Communication interface 210 may receive data from and transmit data
to one or more remote devices. Computing system 200 may be
web-enabled for remote communications, for example, with a remote
desktop computer (not shown).
[0035] Also, presentation interface 206 and communication interface
210 are both capable of providing information suitable for use with
the methods described herein, e.g., to user 122 or another device.
Accordingly, presentation interface 206 and communication interface
210 are referred to as output devices. Similarly, user input
interface 208 and communication interface 210 are capable of
receiving information suitable for use with the methods described
herein and are referred to as input devices.
[0036] Further, processor 204 and memory device 202 may also be
operatively coupled to CAD program 106 and tool path generation
system 110. CAD program 106 may be external to tool path generation
system 110, as shown in FIG. 2, or CAD program 106 may be
incorporated into tool path generation system 110. Tool path
generation system 110 receives input from CAD program 106 and from
user 122 via user interface 208 to generate tool path 112 that can
be communicated to and executed by controller 116 to control
cutting head 118 (shown in FIG. 1).
[0037] In the exemplary embodiment, tool path generation system 110
includes one or more functional components/modules that work
together to generate tool path 112 to cut workpiece 102. The
component/modules of tool path generation system 110 determine
appropriate cutting head 118 orientation and cutting process
parameters, such as travel speed, that control cutting head 118.
More specifically, the component/modules of tool path generation
system 110 determine the x-axis, y-axis, and z-axis positions of
cutting head 118 and angular orientations of cutting jet 120
relative to block 108 being cut. These components are implemented
in software, firmware, or hardware or a combination thereof.
[0038] FIG. 3 is an illustration of an exemplary workpiece 300
produced using fabrication system 100. In the exemplary embodiment,
workpiece 300 is an airfoil structure for use in a turbine engine.
Alternatively, workpiece 300 is any component that facilitates
operation of fabrication system 100 as described herein. FIG. 4 is
a flow diagram of an exemplary method 400 for controlling
fabrication system 100 (shown in FIG. 1) to produce workpiece 300.

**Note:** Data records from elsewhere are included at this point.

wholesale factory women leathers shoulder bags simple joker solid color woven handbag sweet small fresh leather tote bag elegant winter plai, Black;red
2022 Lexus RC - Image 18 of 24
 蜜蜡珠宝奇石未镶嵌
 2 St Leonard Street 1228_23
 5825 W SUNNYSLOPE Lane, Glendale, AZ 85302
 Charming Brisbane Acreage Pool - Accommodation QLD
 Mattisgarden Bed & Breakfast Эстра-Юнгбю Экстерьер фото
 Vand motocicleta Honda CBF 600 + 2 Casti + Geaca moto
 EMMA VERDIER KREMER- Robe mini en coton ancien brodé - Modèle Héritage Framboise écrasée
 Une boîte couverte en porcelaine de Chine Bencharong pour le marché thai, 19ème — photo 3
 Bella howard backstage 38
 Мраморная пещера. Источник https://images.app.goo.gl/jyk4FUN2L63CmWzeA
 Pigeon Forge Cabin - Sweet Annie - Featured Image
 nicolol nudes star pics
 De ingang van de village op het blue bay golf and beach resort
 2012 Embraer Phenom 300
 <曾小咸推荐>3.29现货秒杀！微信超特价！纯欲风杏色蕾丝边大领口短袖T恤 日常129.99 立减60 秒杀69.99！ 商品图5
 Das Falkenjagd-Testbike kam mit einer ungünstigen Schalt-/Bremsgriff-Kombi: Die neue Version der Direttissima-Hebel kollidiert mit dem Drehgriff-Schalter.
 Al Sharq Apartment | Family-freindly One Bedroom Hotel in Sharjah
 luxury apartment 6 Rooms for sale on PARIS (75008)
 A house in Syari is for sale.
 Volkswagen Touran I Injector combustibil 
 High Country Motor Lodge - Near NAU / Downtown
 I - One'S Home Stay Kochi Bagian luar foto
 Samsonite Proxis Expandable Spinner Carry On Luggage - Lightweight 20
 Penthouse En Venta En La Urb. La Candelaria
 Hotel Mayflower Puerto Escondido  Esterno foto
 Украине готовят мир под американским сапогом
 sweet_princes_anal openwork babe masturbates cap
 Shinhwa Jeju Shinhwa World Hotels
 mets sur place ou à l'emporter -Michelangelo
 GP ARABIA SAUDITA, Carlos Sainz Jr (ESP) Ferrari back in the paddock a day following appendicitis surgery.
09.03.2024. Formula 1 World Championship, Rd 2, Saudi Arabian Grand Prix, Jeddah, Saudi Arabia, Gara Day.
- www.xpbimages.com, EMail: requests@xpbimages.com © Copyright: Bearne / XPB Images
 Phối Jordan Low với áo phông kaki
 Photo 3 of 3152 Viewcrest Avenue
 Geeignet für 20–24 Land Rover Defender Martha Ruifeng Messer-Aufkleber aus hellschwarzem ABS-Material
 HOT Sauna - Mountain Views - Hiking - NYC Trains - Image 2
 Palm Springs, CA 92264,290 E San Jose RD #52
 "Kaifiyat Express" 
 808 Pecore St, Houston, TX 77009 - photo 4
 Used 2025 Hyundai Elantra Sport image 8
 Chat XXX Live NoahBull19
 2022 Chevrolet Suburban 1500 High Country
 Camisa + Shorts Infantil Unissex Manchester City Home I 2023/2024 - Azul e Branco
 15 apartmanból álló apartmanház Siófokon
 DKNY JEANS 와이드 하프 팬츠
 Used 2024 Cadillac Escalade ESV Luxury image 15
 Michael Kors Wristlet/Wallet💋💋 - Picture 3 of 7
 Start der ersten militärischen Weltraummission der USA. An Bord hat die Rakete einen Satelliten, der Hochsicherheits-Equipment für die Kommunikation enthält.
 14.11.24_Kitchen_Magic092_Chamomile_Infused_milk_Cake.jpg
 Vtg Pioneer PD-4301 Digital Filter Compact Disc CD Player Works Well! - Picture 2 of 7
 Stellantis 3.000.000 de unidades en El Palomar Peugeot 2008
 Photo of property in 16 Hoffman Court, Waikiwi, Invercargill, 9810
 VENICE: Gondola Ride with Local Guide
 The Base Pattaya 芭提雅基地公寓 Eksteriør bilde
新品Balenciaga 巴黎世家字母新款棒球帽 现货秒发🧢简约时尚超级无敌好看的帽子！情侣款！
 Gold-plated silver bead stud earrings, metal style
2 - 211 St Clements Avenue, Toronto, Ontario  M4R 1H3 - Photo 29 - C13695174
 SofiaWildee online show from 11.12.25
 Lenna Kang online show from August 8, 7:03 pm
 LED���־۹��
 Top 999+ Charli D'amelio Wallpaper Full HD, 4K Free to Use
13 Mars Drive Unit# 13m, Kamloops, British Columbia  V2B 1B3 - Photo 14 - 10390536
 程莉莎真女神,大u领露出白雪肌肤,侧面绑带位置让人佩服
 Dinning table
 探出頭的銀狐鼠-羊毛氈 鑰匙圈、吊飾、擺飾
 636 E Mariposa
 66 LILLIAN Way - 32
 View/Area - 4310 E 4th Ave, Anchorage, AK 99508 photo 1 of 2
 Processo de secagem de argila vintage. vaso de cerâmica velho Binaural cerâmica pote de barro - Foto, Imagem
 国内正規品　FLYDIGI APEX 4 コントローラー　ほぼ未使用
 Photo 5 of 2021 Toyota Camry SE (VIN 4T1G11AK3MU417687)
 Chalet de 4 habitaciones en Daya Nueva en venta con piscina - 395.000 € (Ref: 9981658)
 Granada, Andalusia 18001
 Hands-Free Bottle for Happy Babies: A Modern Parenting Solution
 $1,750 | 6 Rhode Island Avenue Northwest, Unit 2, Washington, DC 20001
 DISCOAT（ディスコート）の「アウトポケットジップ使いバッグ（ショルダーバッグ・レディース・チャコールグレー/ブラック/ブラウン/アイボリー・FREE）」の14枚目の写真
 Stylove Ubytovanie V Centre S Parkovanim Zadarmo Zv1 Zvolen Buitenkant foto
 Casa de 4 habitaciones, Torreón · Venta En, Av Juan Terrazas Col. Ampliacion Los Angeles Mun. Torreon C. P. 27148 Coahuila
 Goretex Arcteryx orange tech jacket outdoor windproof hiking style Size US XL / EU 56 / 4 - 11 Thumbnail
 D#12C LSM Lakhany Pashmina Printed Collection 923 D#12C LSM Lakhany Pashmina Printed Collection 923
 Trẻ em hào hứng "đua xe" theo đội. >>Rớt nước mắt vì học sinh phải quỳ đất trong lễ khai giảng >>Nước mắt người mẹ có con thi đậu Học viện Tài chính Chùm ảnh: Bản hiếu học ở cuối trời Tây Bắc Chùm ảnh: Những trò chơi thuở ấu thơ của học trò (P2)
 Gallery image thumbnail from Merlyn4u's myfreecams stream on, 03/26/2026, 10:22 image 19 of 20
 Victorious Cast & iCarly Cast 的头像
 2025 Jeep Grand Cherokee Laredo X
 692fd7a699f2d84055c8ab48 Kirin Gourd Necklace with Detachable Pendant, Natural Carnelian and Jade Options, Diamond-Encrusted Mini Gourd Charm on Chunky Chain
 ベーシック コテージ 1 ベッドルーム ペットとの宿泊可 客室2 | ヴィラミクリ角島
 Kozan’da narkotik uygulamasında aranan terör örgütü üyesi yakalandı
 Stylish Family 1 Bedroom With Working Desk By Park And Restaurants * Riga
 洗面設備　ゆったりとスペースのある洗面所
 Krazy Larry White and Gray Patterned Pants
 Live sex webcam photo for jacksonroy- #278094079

The fabrication method 400 begins with generating 402 an
intermediate three-dimensional computer-generated model of
workpiece 300. The computer-generated model is a representation of
the geometry of workpiece 300 after fabrication from fluid jet
cutting device 114 and before workpiece 300 is machined to its
final desired dimensions in a milling machine (not shown). The
intermediate model is generated based on a final model of workpiece
300 that includes the final geometry dimensions after milling when
workpiece 300 is complete. To generate the intermediate model of
workpiece 300 from the final model, user 122 (shown in FIG. 1)
utilizes CAD program 106 to rebuild the final model by adding
layers to increase various dimensions of the final model. This
represents adding material from block of material 108 (shown in
FIG. 1) to the surfaces of the final machined workpiece to increase
at least one of the depth, thickness, and length of final
workpiece.
[0039] Once the intermediate model is generated, the next step in
method 400 is to generate 404 a three-dimensional tool path, such
as tool path 112 (shown in FIG. 1) to control cutting head 118
(shown in FIG. 1) to form workpiece 300. As described above, tool
path 112 is generated by user 122 on CPU 104 using tool path
generation system 110 (shown in FIG. 1). Tool path generation
system 110 accesses or receives 406 the intermediate model of
workpiece 300 from CAD program 106 and displays the model to user
122 on presentation interface 206 (shown in FIG. 1).
[0040] FIG. 5 is a perspective view of the intermediate model of
workpiece 300 as displayed on presentation interface 206. In the
exemplary embodiment, workpiece 300 includes a dovetail portion 302
and an airfoil portion 304. Airfoil portion 304 includes a first
end 306 defined at a base of airfoil portion 304 proximate dovetail
portion 302, a second end 308 defined at a tip of airfoil portion
304, and a length L defined as the distance between ends 306 and
308. In the exemplary embodiment, airfoil portion 304 also includes
a leading edge 310, a trailing edge 312, a first surface 314, and
an opposing second surface 316, wherein first and second surfaces
314 and 316, respectively, each extend between leading and trailing
edges 310 and 312, respectively. Alternatively, airfoil portion 304
may have any number of sides and edges that facilitate operation of
fabrication system 100 as described herein.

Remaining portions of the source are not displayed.